Atto inedito nel passato recente del paese, i governi hanno fatto marcia indietro sugli aumenti delle tariffe dei trasporti. Per avere un’idea del timore che l’enorme ondata di protesta può aver suscitato, basti dire che anche governi avversari si sono addirittura coordinati per annunciare che avrebbero ascoltato le richieste dei cittadini. Ma di nuovo, i tempi sono diversi rispetto al passato. La protesta non riguarda i 20 centesimi di Real, ma i diritti delle persone. E le manifestazioni proseguono.

Non sappiamo che direzione prenderà questa nuova forza sociale. Ciò a cui assistiamo sono ampie rivendicazioni, che vanno dal tema dell’omofobia alla sanità e all’istruzione, denunce rivolte alle spese esorbitanti della Coppa del Mondo (uno degli slogan più diffusi recita “Chiamami Coppa e investi in me”) e passano per la corruzione diffusa del sistema; non ultima la protesta per la discussa modifica costituzionale, la PEC37, che altera l’azione e lo spettro di indagine delle procure. L’insoddisfazione insomma è generalizzata.

Nel mezzo di questa seconda ondata di manifestazioni, lontana ormai dall’aumento dei trasporti, ciò che si nota è un’azione  dei grandi mezzi di comunicazione coordinata con la destra distante dal potere centrale. I media spingono i dimostranti a manifestare contro la corruzione perché è stato per anni il modo in cui si è cercato di cacciare i disonesti al potere. Gruppi organizzati, non identificati, stanno agendo dall’interno delle manifestazioni in modo estremamente aggressivo, specialmente nei confronti dei partiti e delle organizzazioni di sinistra. Sono gruppi neonazisti e neofascisti, spesso skinheads, appoggiati da una corrente antipartitica, anti Dilma, antipolitica, che usa la bandiera del Brasile e l’inno nazionale nel tentativo di commuovere i cittadini e accaparrarsi l’appoggio delle piazze.

La sinistra dal canto suo rimane attenta e compatta nel contrapporsi a un possibile golpe per destituire Dilma. Ricordiamo che esattamente un anno fa, nel vicino Paraguay, un golpe parlamentare destituì il presidente in 24 ore. I movimenti sociali si riuniranno nel fine settimana per discutere sul da farsi, su come tutelare se stessi e le istituzioni democratiche.
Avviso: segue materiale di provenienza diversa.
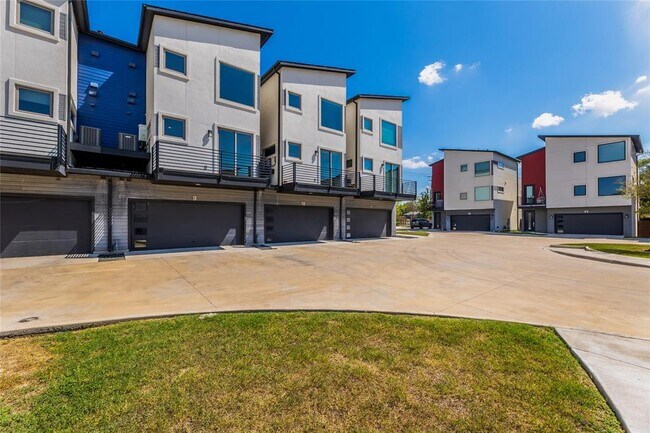 Building Photo - 1417 Kramer Ln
Il clima è strano, molto interessante,  potremmo dire inquietante e anche un po’spaventoso, perché non si capisce cosa succederà. Allo stesso tempo, i giovani non sono facili da manipolare, appartengono a una generazione diversa, che percepisce le cose in un  altro modo, che si confronta con i suoi simili, è diffidente e rifiuta tutto ciò che è controllo, che viene dall’alto. E’ una generazione che vuole esprimersi direttamente, non vuole essere rappresentata, non vuole leader. In questo senso non è diversa rispetto a quella di altre latitudini. Nonostante la tendenza a sentirsi o immaginarsi diverso, il Brasile fa parte del mondo, sintonizzato quindi con quanto accade in esso nel bene e nel male.

Recentemente la presidente Dilma ha preso la situazione in mano e ha fatto una dichiarazione pubblica nel tentativo di calmare queste proteste diffuse. Ha convocato i movimenti sociali,  tra cui il MPL, e ha riunito i governatori di vari stati offrendo miliardi di reais per i trasporti pubblici e altri interventi.

Il futuro è incerto, ma  abbiamo sempre avuto – e sempre avremo – speranza nei giovani e nel futuro. Come umanisti conosciamo la legge del superamento del vecchio da parte del nuovo. E’ chiaro che i giovani non vogliono neppure saperne delle risposte che sono state date loro fino a questo momento. Si spera che riescano a cambiare il sistema dall’interno, conquistando il potere reale. Per noi quel potere è la democrazia diretta a tutti i livelli, che si raggiungerà con l’azione della nonviolenza attiva. Una rivoluzione nonviolenta che ristabilisca l’essere umano come valore centrale. Perché no?